Response has been swift:
- 'The Worst Argument You've Ever Heard,' says the New Republic's Isaac Chotiner. "What wing of society," asks Chotiner, "has decided that 'the reputation of manliness' is incompatible with homosexuality?" Chotiner witheringly suggested that Bowman's use of Latin is "supposed to subtly remind the reader that society is going to the dogs." The author has, he notes "unsurprisingly, ... written a book called Honor: A History. (Do conservatives ever get tired of this stuff?)" Chotiner also questions the publication itself: "Can't the Standard move beyond this nonsense?"

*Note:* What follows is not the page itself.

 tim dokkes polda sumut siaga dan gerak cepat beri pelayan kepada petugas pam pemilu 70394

- 'Sissies' Served in Iraq "Just when you thought," begins the Atlantic's Andrew Sullivan, "the Weekly Standard's institutionalized contempt for gay people could not get any worse." Bowman, writes Sullivan, "might want to avoid a fight" with those he labels sissies, "because many of them could take his sorry ass to the cleaners, and because many more, over the centuries, have fought and died for their country and are more men than he, from his armchair, will ever be." He rejects Bowman's argument:
Beneath the elegant prose and the admission that gay soldiers are as good as straight ones--and as American as anyone else--is an old schoolyard epithet: no sissies allowed, and all fags are sissies ... It is true that for much of human history ... masculinity has been conflated with heterosexuality ... But now we do know better--and the next generation of civilized men and civilized intelligent warriors understand this. Giving individuals a chance to prove their mettle as openly gay, and giving straight soldiers a chance to demonstrate that they care more about their duty than prejudice, is so obviously the right thing to do only bigots resist it at this point.

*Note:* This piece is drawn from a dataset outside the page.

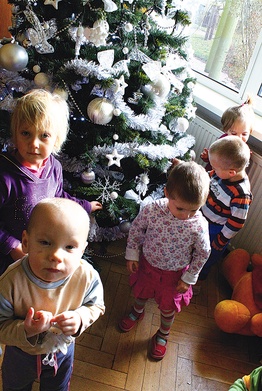 W Domu Małego Dziecka w Wałbrzychu przebywa 30 dzieci. Niektórym można by zaoszczędzić traumatycznych przeżyć, gdyby prawo przewidywało inne formy pomocy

- Actually, an Air Force Colonel Says Bowman's Wrong Bowman, it seems, correctly predicted that he would be "identif[ied] ... as a bigot." But more persuasive refutation lay in other quarters. On Saturday, the New York Times editorial board reviewed a new paper by an Air Force colonel that, they argue, "effectively demolishes the primary, wrongheaded rationale for the law: that unit cohesion would be harmed if homosexuals served openly." Countries that have allowed gays to serve openly have had "no adverse effects on military performance or readiness." In fact,
Colonel Prakash argues that the law has undermined unit cohesion, in part by compromising the integrity of homosexuals who have to dissemble and by posing a moral quandary for commanders--look the other way or risk discharging a valuable service member. He judged the policy a "costly failure" because of the lost manpower and the administrative costs of recruiting and separating homosexuals.